Signed-off-by: Leesoo Ahn <[email protected]>
---
v3:
- Replace return values with proper -ERR values in rx_process()

v2:
- Replace goto label with return statement to reduce goto entropy
- Add CPU load information by perf in commit message

v1 at:
https://patchwork.kernel.org/project/netdevbpf/patch/[email protected]/

---
drivers/net/usb/usbnet.c | 19 +++++++++----------
1 file changed, 9 insertions(+), 10 deletions(-)

diff --git a/drivers/net/usb/usbnet.c b/drivers/net/usb/usbnet.c
index 64a9a80b2309..98d594210df4 100644
--- a/drivers/net/usb/usbnet.c
+++ b/drivers/net/usb/usbnet.c
@@ -555,32 +555,30 @@ static int rx_submit (struct usbnet *dev, struct urb *urb, gfp_t flags)

/*-------------------------------------------------------------------------*/

-static inline void rx_process (struct usbnet *dev, struct sk_buff *skb)
+static inline int rx_process(struct usbnet *dev, struct sk_buff *skb)
{
if (dev->driver_info->rx_fixup &&
!dev->driver_info->rx_fixup (dev, skb)) {
/* With RX_ASSEMBLE, rx_fixup() must update counters */
if (!(dev->driver_info->flags & FLAG_RX_ASSEMBLE))
dev->net->stats.rx_errors++;
- goto done;
+ return -EPROTO;
}
// else network stack removes extra byte if we forced a short packet

/* all data was already cloned from skb inside the driver */
if (dev->driver_info->flags & FLAG_MULTI_PACKET)
- goto done;
+ return -EALREADY;

if (skb->len < ETH_HLEN) {
dev->net->stats.rx_errors++;
dev->net->stats.rx_length_errors++;
netif_dbg(dev, rx_err, dev->net, "rx length %d\n", skb->len);
- } else {
- usbnet_skb_return(dev, skb);
- return;
+ return -EPROTO;
}

-done:
- skb_queue_tail(&dev->done, skb);
+ usbnet_skb_return(dev, skb);
+ return 0;
}

/*-------------------------------------------------------------------------*/
@@ -1528,13 +1526,14 @@ static void usbnet_bh (struct timer_list *t)
entry = (struct skb_data *) skb->cb;
switch (entry->state) {
case rx_done:
- entry->state = rx_cleanup;
- rx_process (dev, skb);
+ if (rx_process(dev, skb))
+ goto cleanup;
continue;
case tx_done:
kfree(entry->urb->sg);
fallthrough;
case rx_cleanup:
+cleanup:
usb_free_urb (entry->urb);
dev_kfree_skb (skb);
continue;
--
2.34.1


2022-12-22 11:48:21

by Paolo Abeni

[permalink] [raw]
Subject: Re: [PATCH v3] usbnet: optimize usbnet_bh() to reduce CPU load

On Wed, 2022-12-21 at 16:59 +0900, Leesoo Ahn wrote:
> The current source pushes skb into dev->done queue by calling
> skb_queue_tail() and then pop it by calling skb_dequeue() to branch to
> rx_cleanup state for freeing urb/skb in usbnet_bh().

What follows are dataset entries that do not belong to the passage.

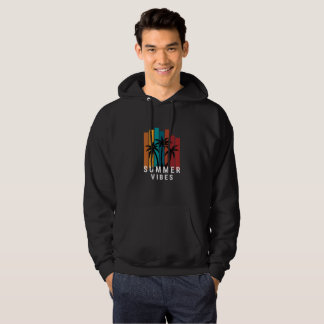 Sommarstämning Solnedgång Strand Herr T-Shirt | Hoodie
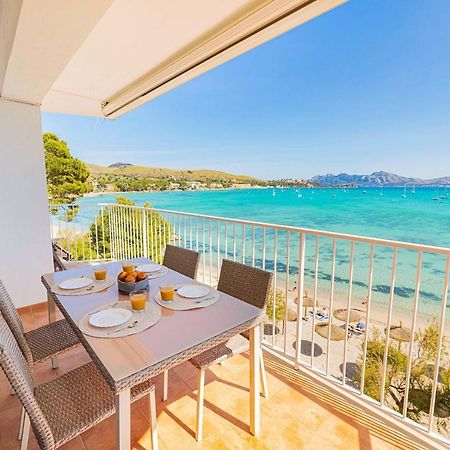Seafront Apartment Voramar 31 By Sealand Villas Порт де Пойенса Екстериор снимка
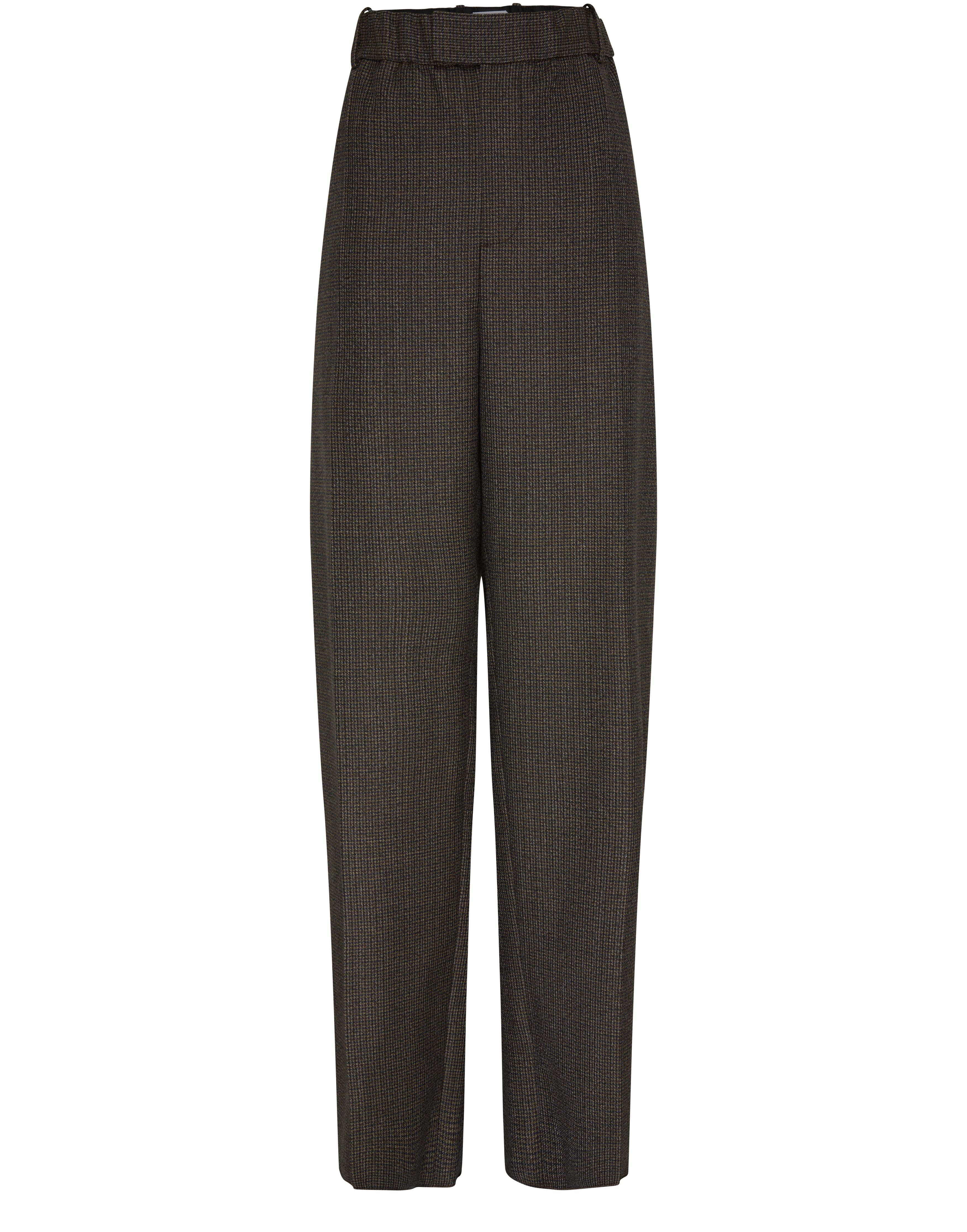 Straight pants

It takes extra CPU
> load, 2.21% (skb_queue_tail) as follows.
>
> - 11.58% 0.26% swapper [k] usbnet_bh
> - 11.32% usbnet_bh
> - 6.43% skb_dequeue
> 6.34% _raw_spin_unlock_irqrestore
> - 2.21% skb_queue_tail
> 2.19% _raw_spin_unlock_irqrestore
> - 1.68% consume_skb
> - 0.97% kfree_skbmem
> 0.80% kmem_cache_free
> 0.53% skb_release_data
>
> To reduce the extra CPU load use return values jumping to rx_cleanup
> state directly to free them instead of calling skb_queue_tail() and
> skb_dequeue() for push/pop respectively.
>
> - 7.87% 0.25% swapper [k] usbnet_bh
> - 7.62% usbnet_bh
> - 4.81% skb_dequeue
> 4.74% _raw_spin_unlock_irqrestore
> - 1.75% consume_skb
> - 0.98% kfree_skbmem
> 0.78% kmem_cache_free
> 0.58% skb_release_data
> 0.53% smsc95xx_rx_fixup
>
> Signed-off-by: Leesoo Ahn <[email protected]>
> ---
> v3:
> - Replace return values with proper -ERR values in rx_process()
>
> v2:
> - Replace goto label with return statement to reduce goto entropy
> - Add CPU load information by perf in commit message
>
> v1 at:
> https://patchwork.kernel.org/project/netdevbpf/patch/[email protected]/

This looks like net-next material.

We have already submitted the networking pull request to Linus
for v6.2 and therefore net-next is closed for new drivers, features,
code refactoring and optimizations. We are currently accepting
bug fixes only.

Please repost when net-next reopens after Jan 2nd, including the
expected 'net-next' tag into the subject line.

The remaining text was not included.